Dr. Jones chose the University of Arkansas, in part, because the $500 tuition for an in-state student was considerably less than the tuition at other medical schools. Nonetheless, given her family’s economic status, even the lower tuition proved a daunting challenge. The people of her home town contributed nickels, dimes, and dollar bills, donations which totaled $500. The publishers of the black newspaper in Little Rock helped her with living expenses.

After graduating from medical school in 1952, Dr. Jones opened a general practice in Hot Springs and stayed there for several years. Determined to complete a residency in internal medicine, she and her husband later moved to Houston where she began her residency at the Baylor University College of Medicine. She was the only African American in the Baylor system of residency at the time although earlier in the decade another African American, Dr.

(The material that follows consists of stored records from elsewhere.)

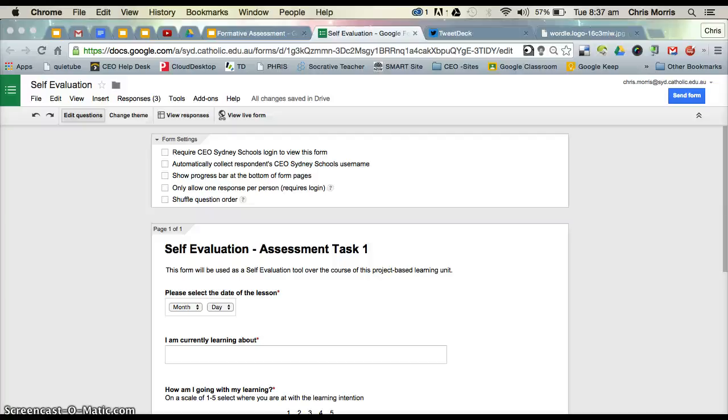Hi, Chris Morris here. I'd like to show you how I use Google Forms for a formative assessment practice, that is self-evaluation.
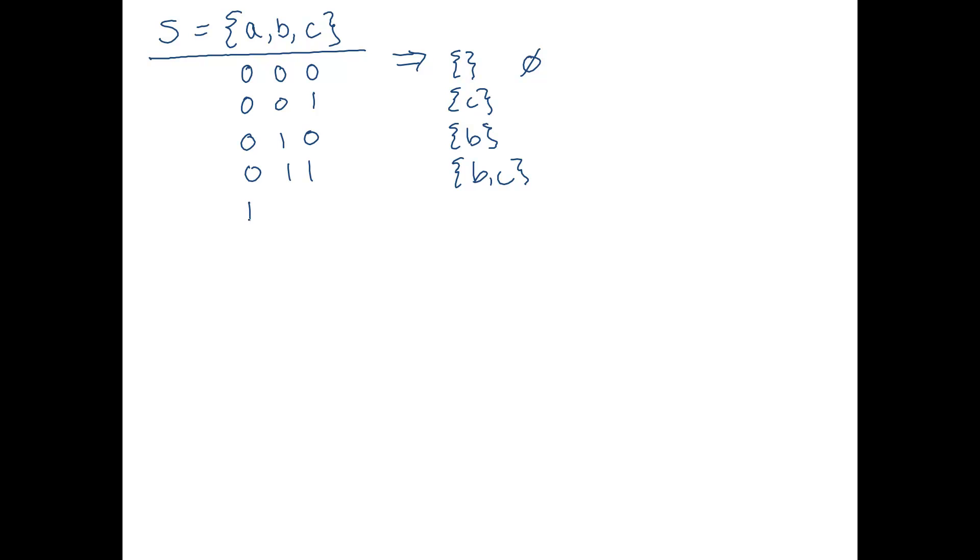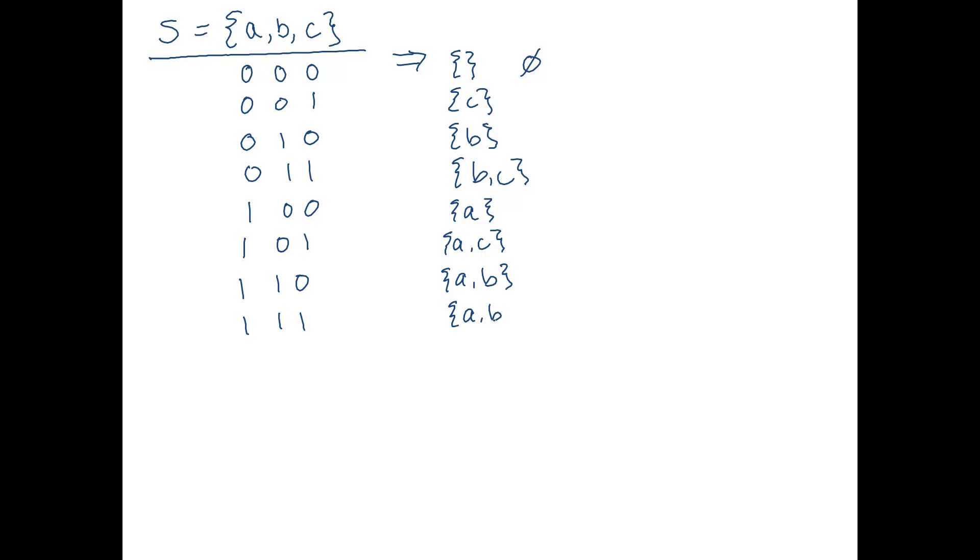Okay, one, zero, zero. A is in the set. One, zero, one. A and C are in the set. One, one, zero. A and B are in the set. One, one, one. A, B and C are in the set.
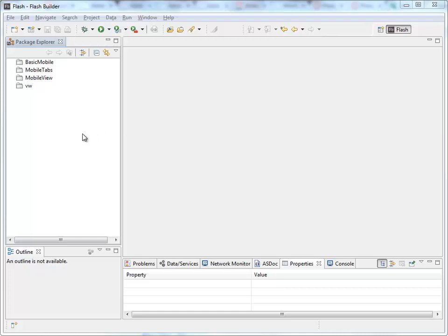This video is just going to be a short video to show you how to create a view-based application in Flash Builder.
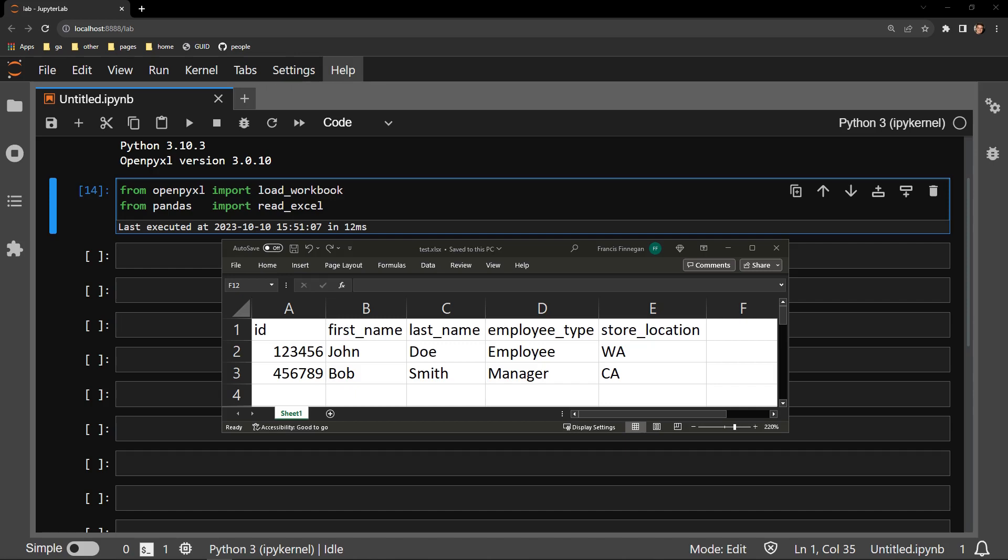This video demonstrates two ways to read the column headers of an Excel document. First, we will look at OpenPyExcel, and second, we'll look at Pandas.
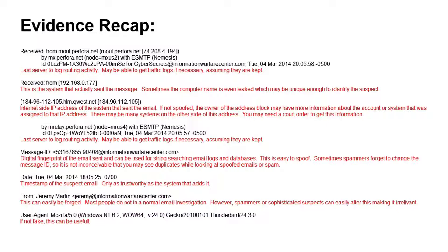If you can't get any information related to the suspect, a lot of times you may have to go to the ISP with a court order, and they would give you who logged in at what time to that account, or potentially even the systems on the inside. As far as the relay server, this is the server that actually accepted the email to begin with. The message ID is a digital fingerprint and is supposed to be unique to every single email sent through a system. However, it is easy to spoof, and sometimes spammers forget to change this message ID, so it's not inconceivable that you may see duplicates while looking at spoofed emails or spam.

John Madison, had completed his internal medicine residency there.

Segregation precluded her from training at Jefferson Davis Hospital, a hospital associated with Baylor, so she spent most of her residency at the Veterans Hospital, an integrated hospital thanks to a federal law banning segregation in federal and military institutions. The last three months of her residency were at Freedman’s Hospital at Howard University in Washington, D. C. She finished her three-year residency in 1962 and opened her practice at 2601 Prospect Street in Houston’s Third Ward.

In addition to her private practice, Dr. Jones served on the staff of Riverside Hospital, as she agreed with the goals of Riverside to reach both those who could pay and those who could not. She also helped to establish Mercy Hospital in Southeast Houston in the late 1960s to serve the poor. Mercy Hospital operated for some 10 years until Medicare became more thoroughly accepted and other hospitals began to accept black patients.

Dr. Jones in Haiti

Dr. Jones in Haiti. (Courtesy of Dr. Jones)

Early in the 1960s, Dr. Jones also applied for privileges at Hermann Hospital, where the medical director, Dr. Crozier, asked her to challenge the hospital’s charter. The charter specifically limited the staff to white, male physicians. Dr. Jones chose to avoid the protracted litigation that would ensue, however. Therefore, the board members of Hermann Hospital took the issue to court and successfully amend the charter. Dr. Jones subsequently joined the staff at Hermann Hospital and soon chaired its charitable committee.

Dr. Jones became a member of Houston Medical Forum. She suspects that because she attended a white medical school, she was accepted more easily in the predominantly white Harris County Medical Society. She was unanimously elected the first female president of the National Medical Association in 1985, the year before Houston declared Edith Irby Jones Day for recognition of her efforts in Third Ward.

Dr. Jones has been a member of countless medical and civic organizations, including American Medical Women Association, NAACP, American Association of Black Cardiologists, Universal Healthplan of Texas, Inc., and many others. She also helped to establish Dr. Edith Irby Jones Clinics in Vera Cruz, Mexico and Vaudreuil, Haiti, and Uganda in addition to work in Russia, China, and other developing nations.

Dr. Jones has received numerous awards and honors recognizing her skill as a physician and her pioneering efforts as an African-American woman.